Authors

1 School of Population and Public Health, University of British Columbia, Canada

2 Boston Children’s Hospital, Harvard Medical School, Harvard T.H. Chan School of Public Health, Boston, MA, USA

Avoidable systematic differences in health status of different population groups are called health inequalities. They cause significant social and economic costs to both individuals and societies (1, 2).

For example, life expectancy at birth among Canadian First Nation Population is lower (73 for males and 78 for females) than that of total Canadian population (79 and 83, respectively, projected for 2017) according to Statistics Canada (3). In this commentary, we used Canadian First Nation Population, coastal residents and Native American population who self-harvest as example. 

Toxicology regulation could be considered as a determinant of health, as policies introduced by regulatory toxicology agencies influence health services and are effective at the community level. These policies, however, could be distributed differently among the subgroups of the populations in a systematic manner, which may be a source of inequality.

Consumption of home grown or self-harvested foods can result in exposure to various chemicals but such contaminant levels in these products are often not monitored by inspection agencies (4). To date, many drivers of health inequality have been defined, such as gender, race and economic growth. However, no literature is available on “inequality” and “potential food toxicity”.  We argue in this editorial that while all population including Canadian First Nation Population, Coastal Residents and Native American population groups are benefitted from implementing new toxicology regulations, the magnitude of health inequalities might increase for some minority groups.  

Health Canada has set a maximum level of 0.5 mg/kg (50 ppm) in the edible portion of all retail fish, subject to some exceptions (5). This level is applied to commercial fish and enforced by the inspection agencies. However, fish consumption advisories that reduce the risk borne by the general population might not provide much health benefit to subsistence fishermen, which include First Nation (Native American) populations. 
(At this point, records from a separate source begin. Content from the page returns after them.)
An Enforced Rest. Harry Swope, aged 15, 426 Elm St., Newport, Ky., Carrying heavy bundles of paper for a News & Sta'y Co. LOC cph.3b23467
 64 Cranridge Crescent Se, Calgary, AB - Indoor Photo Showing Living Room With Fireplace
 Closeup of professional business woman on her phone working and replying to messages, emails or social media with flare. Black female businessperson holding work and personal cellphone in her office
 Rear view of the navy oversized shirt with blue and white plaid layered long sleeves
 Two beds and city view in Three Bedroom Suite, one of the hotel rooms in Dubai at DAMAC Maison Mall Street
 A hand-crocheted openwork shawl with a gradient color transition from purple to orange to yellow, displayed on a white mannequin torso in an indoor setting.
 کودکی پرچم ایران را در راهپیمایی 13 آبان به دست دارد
In another example, and following an outbreak of amnesic shellfish poisoning (ASP) in Canada in 1987, which is related to high exposure to Domoic acid (DA), a neurotoxin,regulations were put in place in North America, limiting the concentration of Domoic acid to 20 ppm in commercial shellfish products (6, 7).  

Prior to the promulgation of regulations limiting mercury or DA concentrations in fish and shellfish, the general population consuming commercial products and the Native American-First Nation population, largely consuming self-harvested products, were at similar risk of exposure to these contaminants. Limiting mercury concentration to 50 ppm and DA concentration to 20 ppm in commercial products thus protects the general population, a step that certainly should be celebrated. First Nation population, who mainly self-harvest, did not benefit from this protection, thus increasing the health inequalities with regard to exposure to seafood contaminants (8).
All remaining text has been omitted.